Implementation Notes
I won't describe the implementation in detail here, but you can look
in an AI book or at another web page that has a description. See the
references section for a list of books.
Essentially, there is a set of nodes (map locations and a cost) called
OPEN and another set called CLOSED. Each time through the main loop,
you pick out the best element from OPEN (where "best" means "the one
with the lowest cost"), and you look at its neighbors. You then put
any unvisited neighbors into the OPEN set. The cost of a node is the
sum of the current cost of walking from the start to that node and the
heuristic estimate of the cost from that node to the goal.
My own C++ A* code is available: path.cpp and path.h. There is also an older (slower, but easier to
understand) version of my code, as well as many other implementations
of A*, on Steve Woodcock's
Games AI Page.
A lot of people don't know why their A* implementation is so slow, and
ask on rec.games.programmer
or comp.ai.games
. The most
common reasons are:
For example, on a grid map, you should have a heuristic that
reflects the actual movement costs along normal directions and
diagonals. If your game doesn't allow diagonal movement, you
probably want abs(dx)+abs(dy)
. If it does, you
probably want max(abs(dx),abs(dy))
.
This is counterintuitive -- it makes the most sense to have a
"true" distance heuristic. A*, however, is comparing the
g
values (actual movement costs) to h
values (heuristic). If these two don't match, or if they aren't
at the same scale, A* may give bad paths or may search too much.
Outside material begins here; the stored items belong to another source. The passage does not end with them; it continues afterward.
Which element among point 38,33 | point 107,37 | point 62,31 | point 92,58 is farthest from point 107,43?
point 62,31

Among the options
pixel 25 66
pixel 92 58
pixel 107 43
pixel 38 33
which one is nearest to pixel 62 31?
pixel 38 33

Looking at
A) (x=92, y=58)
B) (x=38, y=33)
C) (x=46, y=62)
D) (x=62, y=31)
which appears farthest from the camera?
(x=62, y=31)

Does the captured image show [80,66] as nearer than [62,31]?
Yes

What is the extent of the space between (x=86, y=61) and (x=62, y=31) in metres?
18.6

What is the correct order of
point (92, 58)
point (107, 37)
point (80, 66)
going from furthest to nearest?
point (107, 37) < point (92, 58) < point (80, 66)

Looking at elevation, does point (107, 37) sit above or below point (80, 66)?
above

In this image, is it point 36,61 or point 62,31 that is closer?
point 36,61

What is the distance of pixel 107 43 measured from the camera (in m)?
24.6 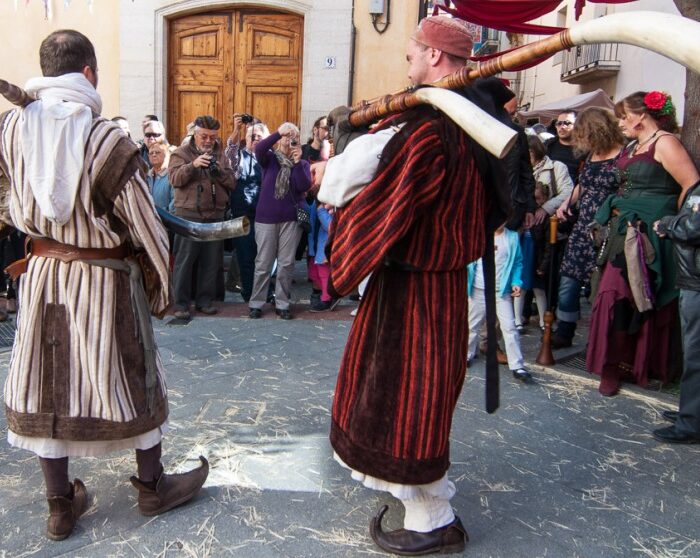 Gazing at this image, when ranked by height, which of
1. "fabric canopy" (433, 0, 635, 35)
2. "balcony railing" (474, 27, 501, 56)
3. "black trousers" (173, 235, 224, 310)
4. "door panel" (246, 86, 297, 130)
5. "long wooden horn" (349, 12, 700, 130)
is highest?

The problem with this heuristic is that it gives you path that look bad, even if they aren't really bad! To remedy this, add
a small (around 1% of the heuristic) penalty when the node isn't near
the straight-line path from the start to the goal. Also see the Heuristics section of this document for more
information.
What's the first thing you'll think of using for these two sets? If
you're like me, you probably thought "array". You may have thought
"linked list", too. The problem is that finding the best node out of
an array or list is slow. Lists and arrays are very general.
Usually, more specific data structures can outperform general data
structures. For A*, we do not need the flexibility of a list (fast
insertion and deletion anywhere), nor do we need the flexibility of an
array (fast access to any element). Instead, we want two operations:
insert and delete best. (Actually, we need a third;
see the note below.)
For these operations, what you really should have is a priority queue. These
can be implemented in a variety of ways, including balanced binary
trees, skip lists, and splay trees. My favorite is with heaps.
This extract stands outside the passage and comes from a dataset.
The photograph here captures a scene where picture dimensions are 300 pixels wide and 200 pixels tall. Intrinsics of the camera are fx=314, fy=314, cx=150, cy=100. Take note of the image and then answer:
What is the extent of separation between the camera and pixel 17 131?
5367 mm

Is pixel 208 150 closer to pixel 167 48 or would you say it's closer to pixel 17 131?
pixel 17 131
Heaps are easy to implement, and they are stored in an array, which is
pretty efficient. I use STL's efficient implementation of
heaps for my code. I get speed and I don't have to code up and
test a heap data structure. An example set of numbers: if you have
1,000 nodes in your OPEN set, then inserting into and removing from a
sorted list takes an average of 500 comparisons and 2 moves; for an
unsorted list it takes 1000 comparisons and 2 moves; for a sorted
array it takes 500 comparisons and 500 moves; for a heap it takes 10
comparisons and 10 moves. That's approximately a factor of
100 faster. However, these are worst case values. More
realistically, with 1000 nodes in the set, you should expect heaps to
be 25% faster than linked lists, and for 1500 nodes in the set, you
should expect heaps to be 50% faster. The more nodes you have, the
faster the heap will be relative to an array or list.
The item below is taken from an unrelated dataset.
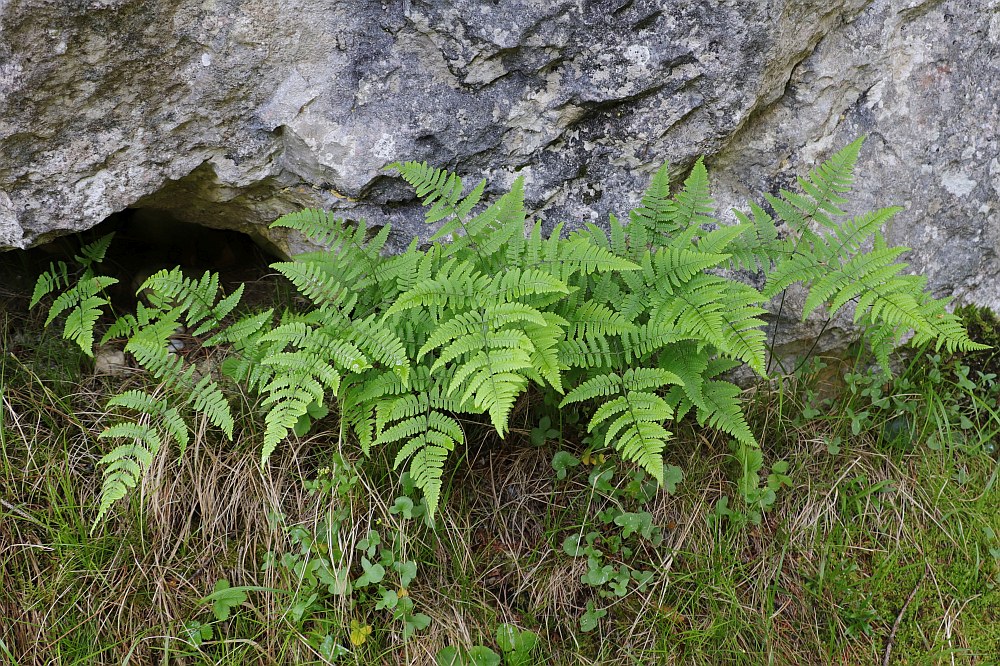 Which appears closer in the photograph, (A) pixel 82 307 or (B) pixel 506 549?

It is important to keep in mind that we are not merely looking for
asymptotice ("big O") behavior. We also want to look for a low
constant. To see why, consider an algorithm that is O(log N) and
another that is O(N), where N is the number of elements in the heap.
It may be that on your machine, an implementation of the first
algorithm takes 10,000 * log(N) seconds, while an implementation of
the second one takes 2 * N seconds. For N = 256, the first would take
80,000 seconds and the second would take 512 seconds. The "faster"
algorithm takes more time in this case, and would only start to be
faster when N > 200,000.
You cannot merely compare two algorithms. You should also
compare the implementations of those algorithms. You also have to
know what size your data might be. In the above example, the first
implementation is faster for N > 200,000, but if in your game, N stays
under 30,000, then the second implementation would have been better.
A friend of mine (who does research in data structures for
shortest-path algorithms) says that heaps are good unless you have
more than 10,000 elements in your heap. Unless your game's map is
extremely large, you probably don't need a more complicated data
structure (like multi-level buckets). You should probably stay
away from Fibonacci heaps, which have good asymptotic performance but
have slow implementations unless N is huge.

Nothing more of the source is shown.